DATA EXTRACT:
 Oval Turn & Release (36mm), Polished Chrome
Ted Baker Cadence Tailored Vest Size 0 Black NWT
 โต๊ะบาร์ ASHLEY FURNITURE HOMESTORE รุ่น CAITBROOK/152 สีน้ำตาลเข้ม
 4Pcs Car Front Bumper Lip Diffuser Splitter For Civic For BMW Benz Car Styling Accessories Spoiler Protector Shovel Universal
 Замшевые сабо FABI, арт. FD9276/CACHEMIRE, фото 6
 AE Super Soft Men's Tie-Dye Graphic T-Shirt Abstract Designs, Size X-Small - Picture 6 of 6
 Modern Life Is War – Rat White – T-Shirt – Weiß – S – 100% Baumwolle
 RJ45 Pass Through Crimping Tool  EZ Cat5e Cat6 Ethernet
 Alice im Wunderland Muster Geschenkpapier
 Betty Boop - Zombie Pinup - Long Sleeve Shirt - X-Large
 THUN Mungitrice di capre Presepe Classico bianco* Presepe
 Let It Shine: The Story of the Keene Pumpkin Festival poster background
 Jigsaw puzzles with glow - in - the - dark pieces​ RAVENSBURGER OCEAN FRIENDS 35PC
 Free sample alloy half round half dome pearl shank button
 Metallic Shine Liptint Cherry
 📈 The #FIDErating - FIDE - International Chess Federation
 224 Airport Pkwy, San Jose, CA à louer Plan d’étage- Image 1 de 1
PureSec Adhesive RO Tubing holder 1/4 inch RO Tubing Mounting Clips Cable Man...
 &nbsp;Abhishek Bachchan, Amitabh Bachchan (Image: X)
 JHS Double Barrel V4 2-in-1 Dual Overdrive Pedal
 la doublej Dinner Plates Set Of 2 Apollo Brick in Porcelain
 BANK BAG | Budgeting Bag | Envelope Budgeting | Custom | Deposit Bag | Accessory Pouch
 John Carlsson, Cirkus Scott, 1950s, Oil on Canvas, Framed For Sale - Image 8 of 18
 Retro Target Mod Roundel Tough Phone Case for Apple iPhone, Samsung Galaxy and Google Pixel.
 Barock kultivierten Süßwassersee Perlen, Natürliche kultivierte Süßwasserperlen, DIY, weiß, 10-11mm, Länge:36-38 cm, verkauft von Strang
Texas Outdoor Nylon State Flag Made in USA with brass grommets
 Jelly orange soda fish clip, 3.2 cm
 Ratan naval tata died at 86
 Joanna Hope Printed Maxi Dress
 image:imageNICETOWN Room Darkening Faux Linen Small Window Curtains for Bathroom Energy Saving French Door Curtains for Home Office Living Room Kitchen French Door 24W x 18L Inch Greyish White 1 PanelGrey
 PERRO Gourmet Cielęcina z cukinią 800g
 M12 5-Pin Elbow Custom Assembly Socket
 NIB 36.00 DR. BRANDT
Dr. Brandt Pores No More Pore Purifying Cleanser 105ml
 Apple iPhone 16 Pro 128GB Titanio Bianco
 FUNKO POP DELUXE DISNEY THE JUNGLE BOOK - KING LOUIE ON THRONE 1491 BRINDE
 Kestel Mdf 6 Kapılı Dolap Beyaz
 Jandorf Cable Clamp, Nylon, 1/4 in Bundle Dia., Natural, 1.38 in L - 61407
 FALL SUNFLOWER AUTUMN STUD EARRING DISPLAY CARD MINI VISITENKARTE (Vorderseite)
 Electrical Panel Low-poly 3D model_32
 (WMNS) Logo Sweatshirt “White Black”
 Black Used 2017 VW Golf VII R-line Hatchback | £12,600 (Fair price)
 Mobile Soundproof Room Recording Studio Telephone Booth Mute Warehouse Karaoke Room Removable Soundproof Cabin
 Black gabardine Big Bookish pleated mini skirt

ACTION ITEM: Set down nothing but the lines from the one containing "FUNKO POP DELUXE" through the final line above, exactly as written.

WRITTEN ANSWER:
 FUNKO POP DELUXE DISNEY THE JUNGLE BOOK - KING LOUIE ON THRONE 1491 BRINDE
 Kestel Mdf 6 Kapılı Dolap Beyaz
 Jandorf Cable Clamp, Nylon, 1/4 in Bundle Dia., Natural, 1.38 in L - 61407
 FALL SUNFLOWER AUTUMN STUD EARRING DISPLAY CARD MINI VISITENKARTE (Vorderseite)
 Electrical Panel Low-poly 3D model_32
 (WMNS) Logo Sweatshirt “White Black”
 Black Used 2017 VW Golf VII R-line Hatchback | £12,600 (Fair price)
 Mobile Soundproof Room Recording Studio Telephone Booth Mute Warehouse Karaoke Room Removable Soundproof Cabin
 Black gabardine Big Bookish pleated mini skirt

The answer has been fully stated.